Write out the records that follow with every word intact.

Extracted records
****************

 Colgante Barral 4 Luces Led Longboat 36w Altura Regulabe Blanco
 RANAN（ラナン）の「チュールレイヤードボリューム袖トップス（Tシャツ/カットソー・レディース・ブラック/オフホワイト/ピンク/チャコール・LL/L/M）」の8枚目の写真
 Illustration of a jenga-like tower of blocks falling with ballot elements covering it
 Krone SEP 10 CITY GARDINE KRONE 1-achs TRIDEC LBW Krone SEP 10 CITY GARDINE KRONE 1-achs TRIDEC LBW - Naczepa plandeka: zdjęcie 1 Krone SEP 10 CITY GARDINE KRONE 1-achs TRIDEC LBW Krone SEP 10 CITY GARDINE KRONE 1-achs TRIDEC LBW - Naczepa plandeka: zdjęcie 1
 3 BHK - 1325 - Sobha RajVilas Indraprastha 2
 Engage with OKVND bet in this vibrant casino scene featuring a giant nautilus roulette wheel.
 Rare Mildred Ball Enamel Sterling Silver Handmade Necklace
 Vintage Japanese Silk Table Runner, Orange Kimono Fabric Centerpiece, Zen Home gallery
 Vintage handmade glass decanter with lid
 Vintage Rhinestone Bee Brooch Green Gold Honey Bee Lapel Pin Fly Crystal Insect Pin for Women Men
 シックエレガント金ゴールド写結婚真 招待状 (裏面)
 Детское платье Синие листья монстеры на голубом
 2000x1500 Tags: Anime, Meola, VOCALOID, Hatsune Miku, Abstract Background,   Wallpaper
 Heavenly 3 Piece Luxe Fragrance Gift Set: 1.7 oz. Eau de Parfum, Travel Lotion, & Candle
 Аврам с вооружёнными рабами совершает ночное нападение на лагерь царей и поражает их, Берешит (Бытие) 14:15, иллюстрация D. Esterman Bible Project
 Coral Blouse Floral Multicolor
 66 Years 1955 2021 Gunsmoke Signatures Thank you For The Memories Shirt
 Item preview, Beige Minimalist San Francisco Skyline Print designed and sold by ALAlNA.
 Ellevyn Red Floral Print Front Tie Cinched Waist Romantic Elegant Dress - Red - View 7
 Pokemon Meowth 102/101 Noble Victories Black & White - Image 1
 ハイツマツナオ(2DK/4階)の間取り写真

****************

Solution below -
 Colgante Barral 4 Luces Led Longboat 36w Altura Regulabe Blanco
 RANAN（ラナン）の「チュールレイヤードボリューム袖トップス（Tシャツ/カットソー・レディース・ブラック/オフホワイト/ピンク/チャコール・LL/L/M）」の8枚目の写真
 Illustration of a jenga-like tower of blocks falling with ballot elements covering it
 Krone SEP 10 CITY GARDINE KRONE 1-achs TRIDEC LBW Krone SEP 10 CITY GARDINE KRONE 1-achs TRIDEC LBW - Naczepa plandeka: zdjęcie 1 Krone SEP 10 CITY GARDINE KRONE 1-achs TRIDEC LBW Krone SEP 10 CITY GARDINE KRONE 1-achs TRIDEC LBW - Naczepa plandeka: zdjęcie 1
 3 BHK - 1325 - Sobha RajVilas Indraprastha 2
 Engage with OKVND bet in this vibrant casino scene featuring a giant nautilus roulette wheel.
 Rare Mildred Ball Enamel Sterling Silver Handmade Necklace
 Vintage Japanese Silk Table Runner, Orange Kimono Fabric Centerpiece, Zen Home gallery
 Vintage handmade glass decanter with lid
 Vintage Rhinestone Bee Brooch Green Gold Honey Bee Lapel Pin Fly Crystal Insect Pin for Women Men
 シックエレガント金ゴールド写結婚真 招待状 (裏面)
 Детское платье Синие листья монстеры на голубом
 2000x1500 Tags: Anime, Meola, VOCALOID, Hatsune Miku, Abstract Background,   Wallpaper
 Heavenly 3 Piece Luxe Fragrance Gift Set: 1.7 oz. Eau de Parfum, Travel Lotion, & Candle
 Аврам с вооружёнными рабами совершает ночное нападение на лагерь царей и поражает их, Берешит (Бытие) 14:15, иллюстрация D. Esterman Bible Project
 Coral Blouse Floral Multicolor
 66 Years 1955 2021 Gunsmoke Signatures Thank you For The Memories Shirt
 Item preview, Beige Minimalist San Francisco Skyline Print designed and sold by ALAlNA.
 Ellevyn Red Floral Print Front Tie Cinched Waist Romantic Elegant Dress - Red - View 7
 Pokemon Meowth 102/101 Noble Victories Black & White - Image 1
 ハイツマツナオ(2DK/4階)の間取り写真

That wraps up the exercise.